Sunday, October 26, 2014

The Best Thing You Can Do All Day



One of the most rewarding and worthwhile activities you can perform as a teacher is to consistently read aloud to your students.  There is absolutely no other thing you will do during the day for or with your students that will hold their attention more or reap more benefits. As parents, we train our little ones to look forward to being read to usually by making it the last thing we do before they head to dreamland each night. We snuggle up with them and read books over and over until we could do it with our eyes closed.  But we do it - because it is so important and so powerful in their literacy development - even as babies.

Over the past 5 years, read aloud has been pushed aside in the schools because "we don't have time". We were preparing them for the state tests, which became more important.

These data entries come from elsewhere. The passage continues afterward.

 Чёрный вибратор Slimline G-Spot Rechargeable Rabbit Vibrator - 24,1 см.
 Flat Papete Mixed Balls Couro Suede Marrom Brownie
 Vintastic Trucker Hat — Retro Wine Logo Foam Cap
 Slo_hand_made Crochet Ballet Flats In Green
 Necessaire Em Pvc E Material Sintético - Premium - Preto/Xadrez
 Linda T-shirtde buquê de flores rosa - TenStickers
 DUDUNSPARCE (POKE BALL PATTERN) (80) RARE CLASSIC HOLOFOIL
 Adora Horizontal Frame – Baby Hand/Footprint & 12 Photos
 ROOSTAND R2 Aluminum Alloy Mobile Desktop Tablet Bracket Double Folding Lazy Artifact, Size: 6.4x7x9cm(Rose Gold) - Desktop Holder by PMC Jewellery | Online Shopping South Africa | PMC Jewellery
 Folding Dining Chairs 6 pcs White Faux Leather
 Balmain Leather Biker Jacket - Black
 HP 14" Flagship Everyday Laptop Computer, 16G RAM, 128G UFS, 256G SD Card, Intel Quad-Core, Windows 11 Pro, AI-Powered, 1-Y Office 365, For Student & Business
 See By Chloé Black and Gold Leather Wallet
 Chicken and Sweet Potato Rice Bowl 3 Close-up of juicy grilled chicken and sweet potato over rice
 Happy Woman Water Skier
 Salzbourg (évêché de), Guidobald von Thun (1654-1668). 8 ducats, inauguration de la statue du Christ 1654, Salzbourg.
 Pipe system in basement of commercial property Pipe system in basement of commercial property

Unfortunately, many teachers stopped making time for reading aloud.

Well, read aloud is back.  With the onset of Common Core, teachers are being encouraged to get their students back to the love of reading and the author's craft.  Hallelujah!  This is making me a very happy teacher again!  Personally, I love to read and I have read millions (???) of books in my lifetime.  I want to pass my love of reading onto my students and there is no better way than to read some of my favorites to them. If you love a book, they probably will too.

Here is my top 5:

1. Because of Winn DixieKate DiCamillo 

I LOVE, LOVE, LOVE this book! India Opal is such a sweet inspirational character and we fall in love with her over and over in this book. The heartbreak she experiences over her mother leaving her and her father is at the core of this story. But Opal learns many lessons and being grateful for the flawed people in her life is one of them. Such an inspiration to kids who are struggling in their own broken families. I think they really connect with this character - not to mention, her funny dog Winn Dixie.                                                 
2. White Giraffe, Lauren St. John

Another story of a child who has experienced the loss of parents and has to move to Africa to a grandmother she never knew.  It's a classic story of how a child overcomes loss through a connection to animals - in this case - a white giraffe. I think the author does a wonderful job of using beautiful language and imagery to help the reader visualize what South Africa looks like. It's also a great resource when teaching descriptive writing techniques.

3.   Snot Stew, Bill Wallace


Sounds gross, right?  That's exactly why I read it!  My third graders listen intently every day to find out what Snot Stew is and when it starts to become clear - they love the play on words! They also think I'm kind of cool because I read a book with the word snot in it!


4.   The Miraculous Adventures of Edward Tulane, 
       Kate Di Camillo

I am currently reading this to my class and they moan and groan when I close the book at the end of the chapter each day.  A china rabbit named Edward Tulane learns what love is through a series of unfortunate events in his life. It takes place over many years and many encounters with a variety of temporary owners. This one reads like a classic novel. I discovered this one a few years ago and it's definitely one of my favorites.

5.  A Bad Case of Stripes, David Shannon


The classic book about being true to yourself.   I usually read this at the beginning of the year because I want my new third graders to know that it is perfectly acceptable to be different and be proud of it.  By the way, I too LOVE lima beans!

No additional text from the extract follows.